Saturday 3rd October We spent a day off in a town near to Independence called Lone Pine before hitching back up to the Kearsage Pass road end. Luckily for us we caught a lift from two guys who we had met on the trail at Kearsage Pass and they stopped to give us a lift when they recognised us.
Often when we were hiking, people would ask us where we had hiked from and, although we did delight in telling hikers our full story, there were times when we would just reply with the last nights camping spot so that we could just have a short chat then keep on hiking.
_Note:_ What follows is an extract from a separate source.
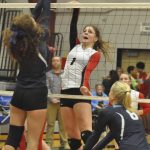 Raymond outslugs Northwest Christian in sweep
On this occasion however, I had told the two guys that we had hiked all they from Canada and one had replied “That’s amazing, let me shake your hand!”. We were both a bit embarrassed by this living in Scotland where the norm is to downplay any achievements however it did mean that we were recognised when standing at the side of the road looking sunburnt and dusty.
Since we didn’t start hiking that day ’til 3.30pm we only made it about 7 miles to camp at Kearsarge Lakes in a bitterly cold but lovely spot. There were bear-proof boxes provided here where we could store our food safe from bears, however we were amused to find out that this area was where ‘bad-bears’ from tourist spots around Yosemite valley are air lifted out to by park staff. We kept a careful look out that evening for any signs of bear activity but thankfully there was none. Two miles further hiking the next morning and we were back on the PCT again and heading south on our final stage! We noticed some lovely trees on the way south before finally crossed the highest point of the whole Pacific Crest Trail, Forester Pass at 13,180 feet.
Lunch was eaten just over the other side of the pass in the snow in a little warm sun trap sheltered from the wind before dropping down onto lake dotted granite Bighorn Plateau. We passed the highest mountain in the contiguous states, Mt Whitney, at Crabtree Meadows and since we had summited two years earlier on a climbing trip we sped on southwards with only a few backward glances. The meadows however were in lovely autumnal colours with patches of snow adding to the scene. Our lunchtime ritual had now extended to laying out the frost-wetted tent and sleeping bags in the sun to dry them out as we lazed around and soaked up the midday sun’s rays.
Near Big Whitney Meadows we were surprised to meet two friendly horse riders who were also out on a backpacking trip into the mountains. Apart from them we hadn’t met anyone else since Kearsarge Pass. The spectacular mountain scenery began to flatten out a little as we wound round tree lined peaks southward into an amazing stark granite, sandy landscape with unusual dry dead trees. We guessed that breakdown of trees takes a long time in this high dry climate.
After a 23.5 mile day we arrived at Kennedy Meadows, a small store and campground and for us it meant that we had cracked the high Sierra mountains- one of the undoubted highlights of our long journey. The terrain around here was more arid with sage and manzanita the dominant plants instead of the big pines of the higher lands.
With 47 miles left to our finish at Walker Pass we just picked up some food and headed off into some hot sunshine down beside the Kern River. Our minds were focused now on finishing and resting our tired legs. We made it 23 miles down the trail just past a water source called Fox Springs for our last night on the PCT. Typically for us, it ended as it began with us running out of daylight and camping right on top of the trail as it was the only suitable flat bit of ground we could find. This had happened to us on our very first night out from the Mexican border at Campo!
Brian startled a coyote which jumped into the bushes as we set camp. We had carried some special food for our last night and had a Mexican gourmet meal with tortillas, refried beans, salsa, corn chips and beer!
Our last day was a bit of a blur with ever increasing heat, sore feet and a focus on reaching the road at Walker Pass. We did have time to notice some Joshua Tree and teddy bear cactus though before reaching the road in a sweaty bedraggled state. Martina wrote a goodbye into the sand on a dirt track and we assumed a familiar position by the side of the road waiting for a hitch to a town down the road to the west. When a driver did stop we asked him if he wouldn’t mind taking a photo of us to record the end of a long, long hike and a special experience for both of us……..
It was Saturday 10th October 1998 and it was 2 weeks short of six months since we had set out from the Mexican border in April – we were definitely in need of a rest but elated and thinking that we had been privileged to spend so long in the beautiful and wild country of western USA.